Jacob Rees-Mogg has weighed in on Royal Holloway’s decision to apply a “trigger warning” to Charles Dickens’ classic novel Oliver Twist.
The university suggested the book’s portrayal of poverty in London could cause anxiety and stress to readers.
The book now includes a warning of themes of “child abuse”, “domestic violence” and “racial prejudice”.
The Leader of the House of Commons joined GB News’ Colin Brazier where he joked: “‘From personal experience I prefer Trollope to Dickens.
“That may tell you more about me than trigger warnings.”
He went on to add: “I don’t understand why universities don’t treat their undergraduates as grown ups.
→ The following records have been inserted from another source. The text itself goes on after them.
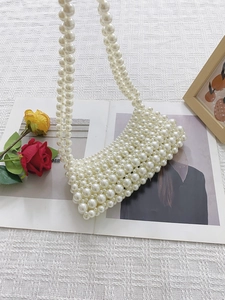 Handmade white faux pearl beaded evening bag with elegant woven handle on a white desk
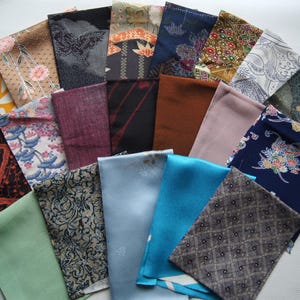 May include: A collection of rectangular fabric swatches arranged in a fan shape. The pieces feature diverse patterns including floral, geometric, and solid designs in colors such as navy blue, turquoise, brown, green, black, and light pink.
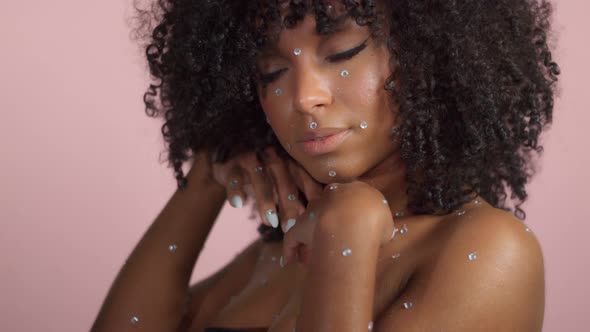 Mixed Race Black Woman with Curly Hair Covered By Crystal Makeup on Pink Background in Studio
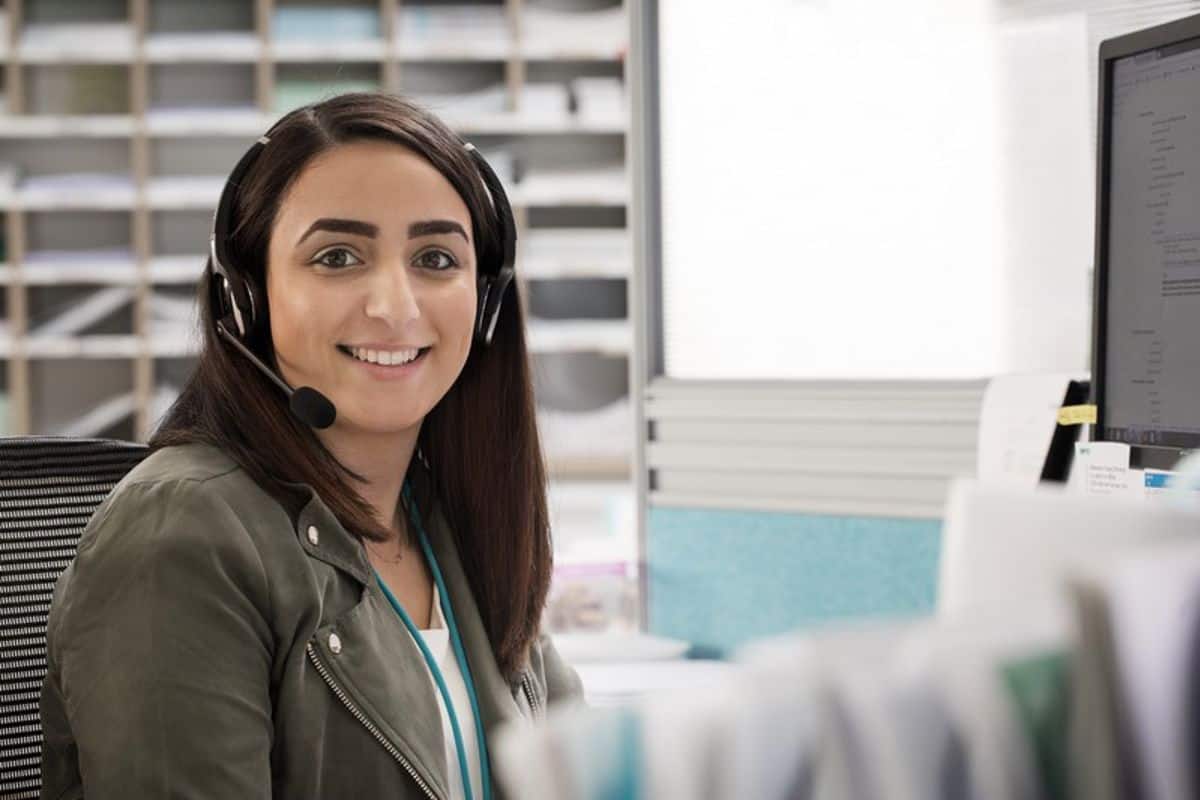 Frau mit Headset lacht in Kamera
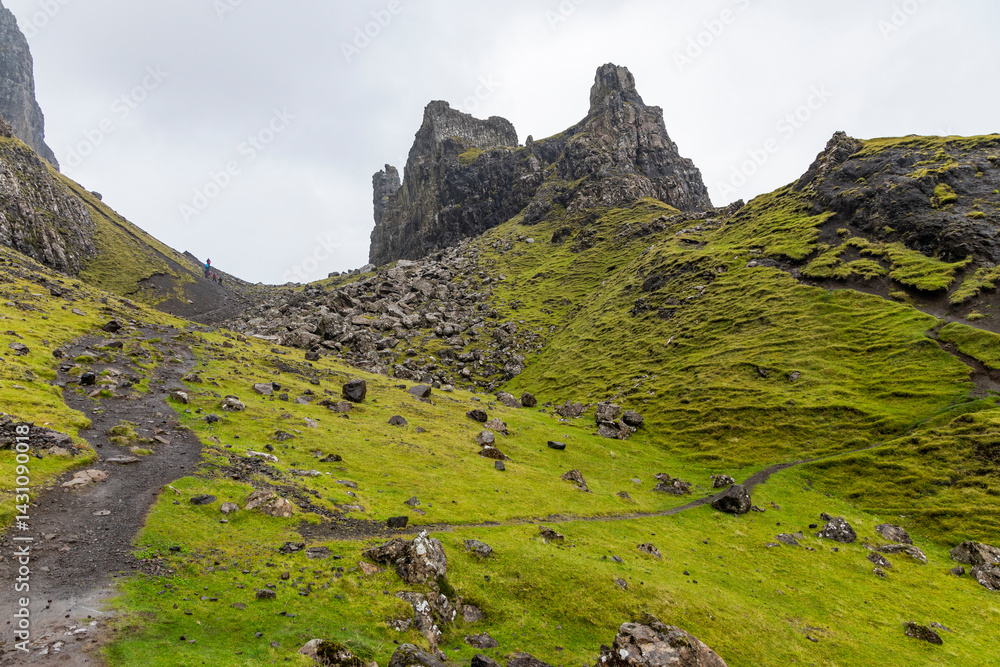 Obraz premium The Quiraing, Isle of Skye lush green landscapes, pure air, dramatic cliffs. A surreal trail through wild nature, perfect for trekking, silence, breathing untouched beauty, mystical rock formations.
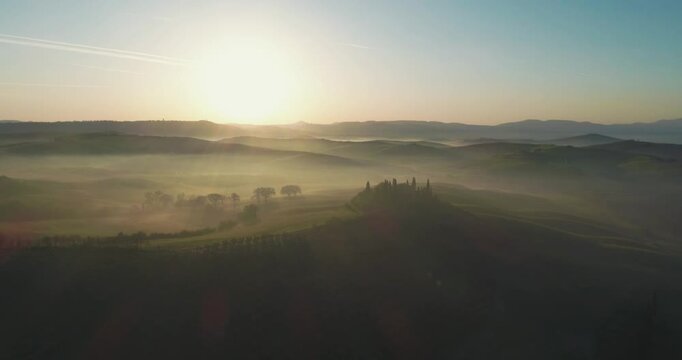 Classic Tuscany landscape with green hills and farmland country at sunrise. Aerial shot of green spring fields and hills in Tuscany, Italy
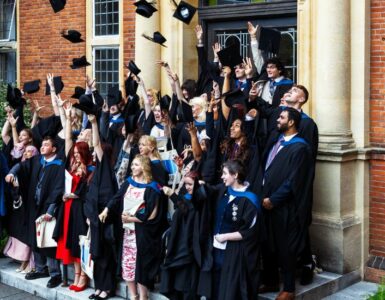 Graduates throwing caps in air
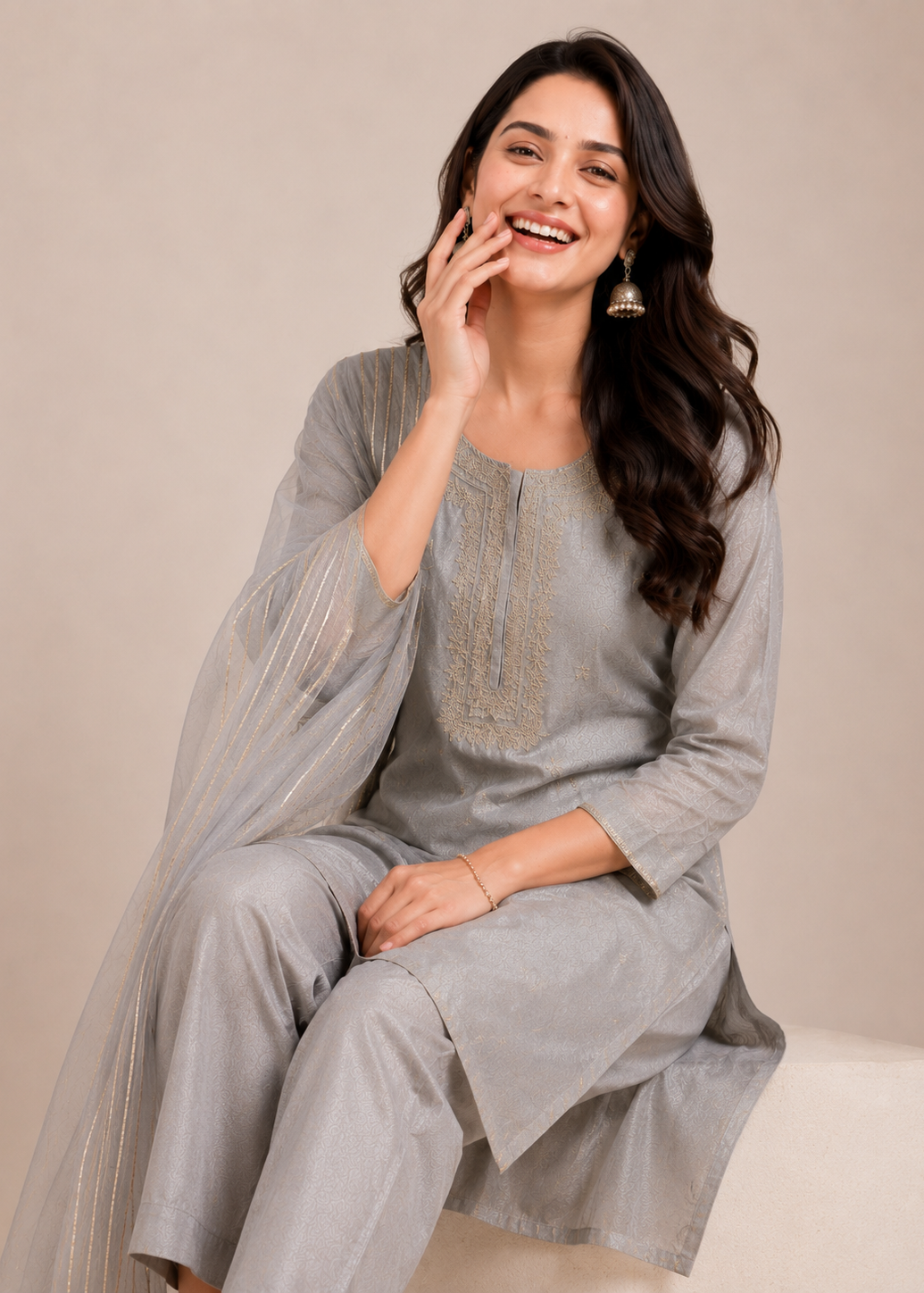 Woman wearing a gray traditional outfit with a plain background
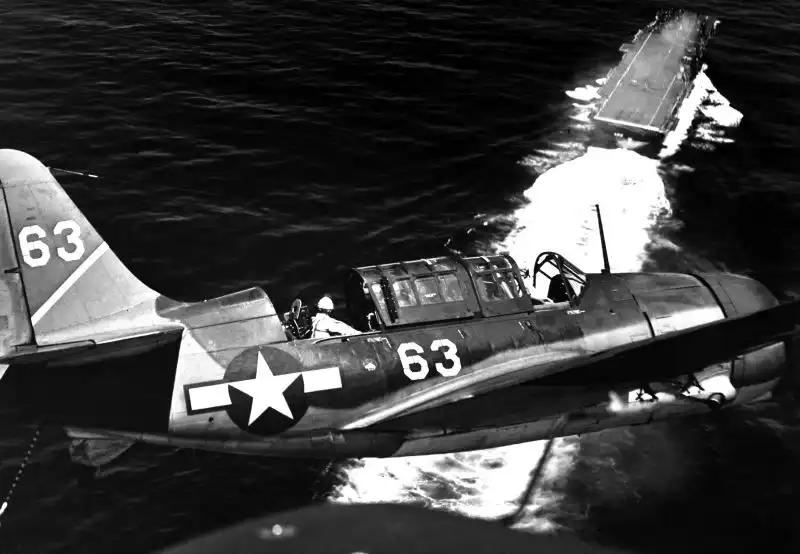 Two SB2C Helldiver bombers landing on USS Yorktown aircraft carrier in the Pacific, July 1944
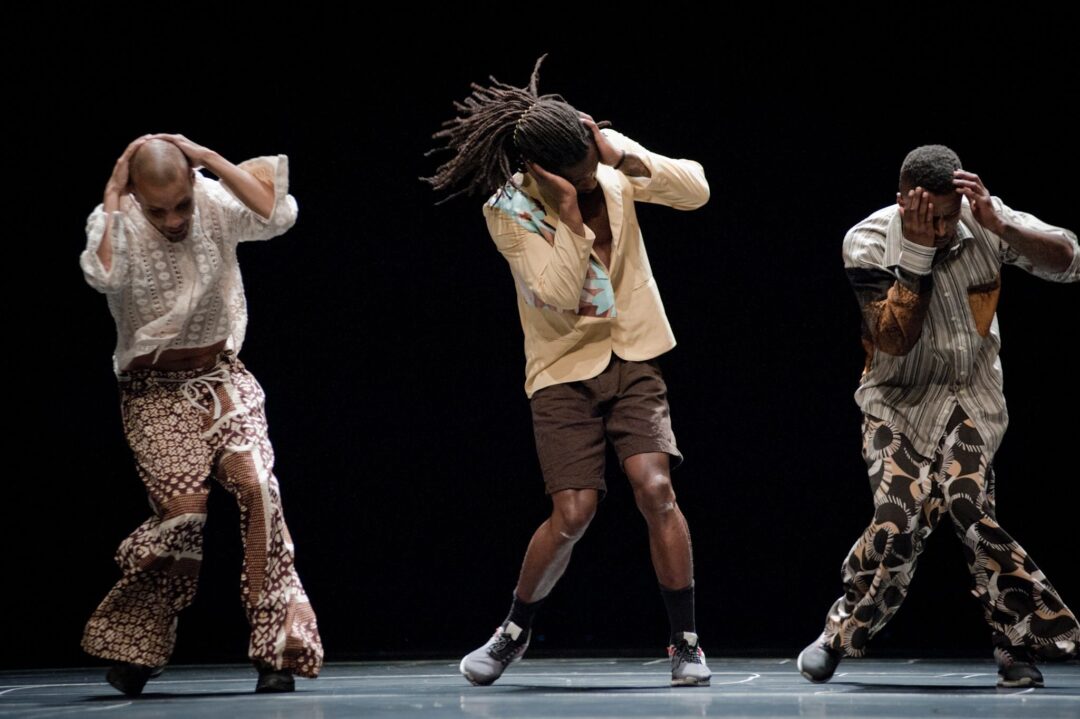 Three dancers performing on stage, holding heads.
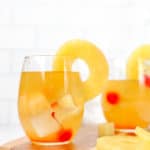 two glasses of pineapple white wine sangria on a cutting board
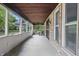 Cozy screened-in porch with brick walls, ceiling fan, and an outdoor dining set at 309 Poplar Rd, Indianapolis, IN 46219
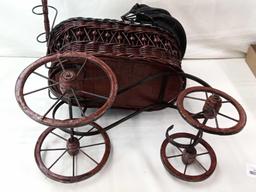 VINTAGE WICKER DOLL CARRIAGE 24" TALL 25"LONG WITH HANDLE PICK UP ONLY.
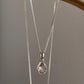 Rose quartz pear-shaped pendant in sterling silver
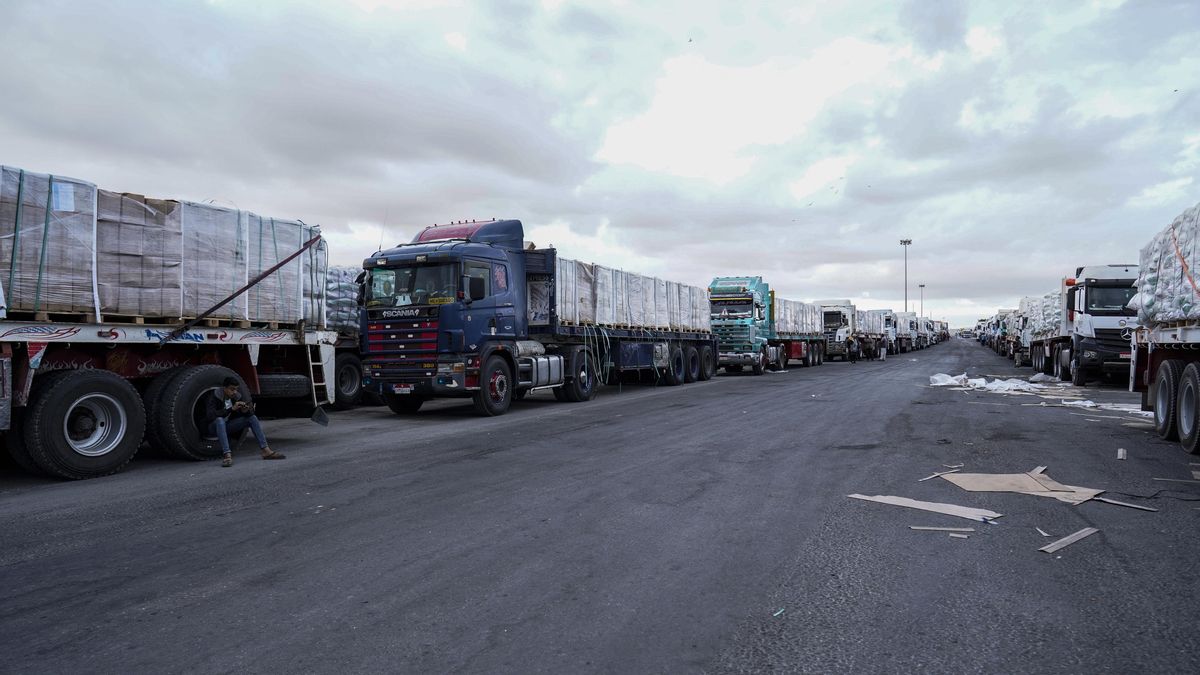 Dozens of vehicles with humanitarian supplies wait on a road near Rafah
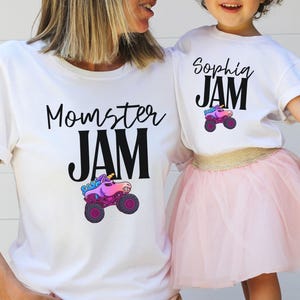 May include: White t-shirts with matching designs. One shirt says "Momster JAM" and the other says "Sophia JAM". Both shirts feature a colorful monster truck with a unicorn design. The child is wearing a pink tutu.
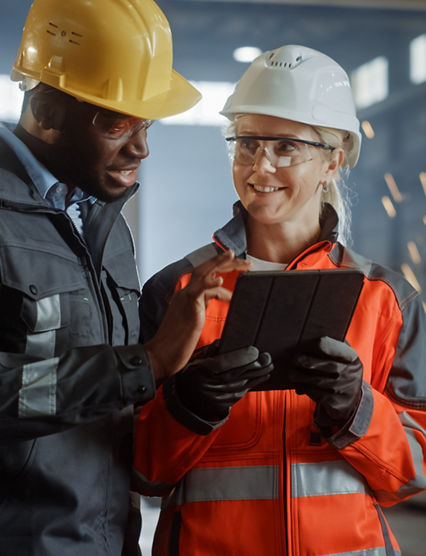 Two Heavy Industry Engineers Stand in Steel Metal Manufacturing Factory, Use Digital Tablet Computer and Have a Discussion. Black African American Industrial Specialist Talk to Female Technician.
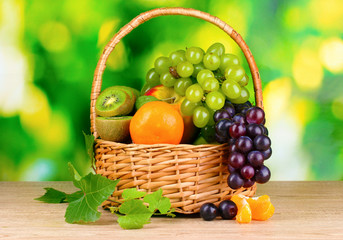 Ripe juicy fruits in basket on wooden table on green background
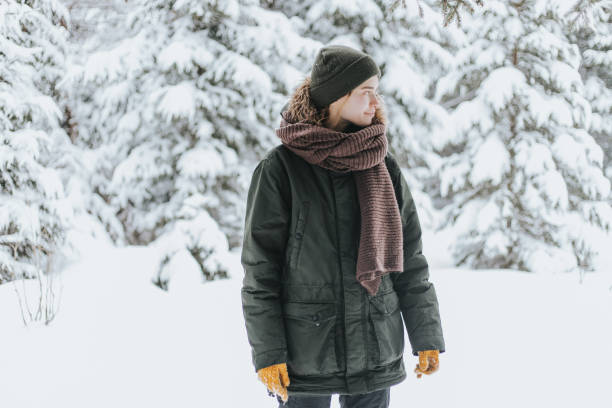 istock Young woman in snowy forest 1367493897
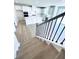 Staircase view into modern kitchen with large island and stainless steel appliances at 718 Crossroad Ct, Powder Springs, GA 30127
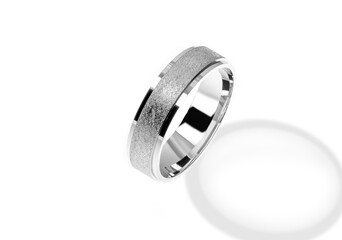 Golden wedding ring on a white background.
“Do you really need to tell people who are at that level of their education that they have to be worried about what they might read? Aren’t they tough enough to get on with it?”
He suggested that from his personal experience children are “remarkably robust”, recalling a time where he was asked why he liked history so much and he explained the “gory bits” to a group of school children.
He finished by saying: “It’s not really up to government to huff and puff, universities should just grow up a bit.”
Royal Holloways defended their decision to apply a warning on some of their books, telling the Daily Mail: “We recognise our responsibility to support the mental health and wellbeing of our students and content warnings are part of this.
"Their use is a standard and accepted practice within academia, and they exist to educate and inform students in advance around potentially sensitive topics which could cause them anxiety or distress, perhaps as a consequence of past experience."
It comes as the University of Northampton also placed a trigger warning on George Orwell’s Nineteen Eighty-Four, saying it contains “explicit material” which some may find “offensive and upsetting.”
GB News presenter Stephen Dixon described the decision as “woke gone mad”, jokingly saying : ”Political issues in Nineteen Eighty-Four? Never!
“It’s like a packet of peanuts saying it might contain peanuts… Sometimes these things are just ridiculous. Far too many people are so easily offended. People want to be offended these days."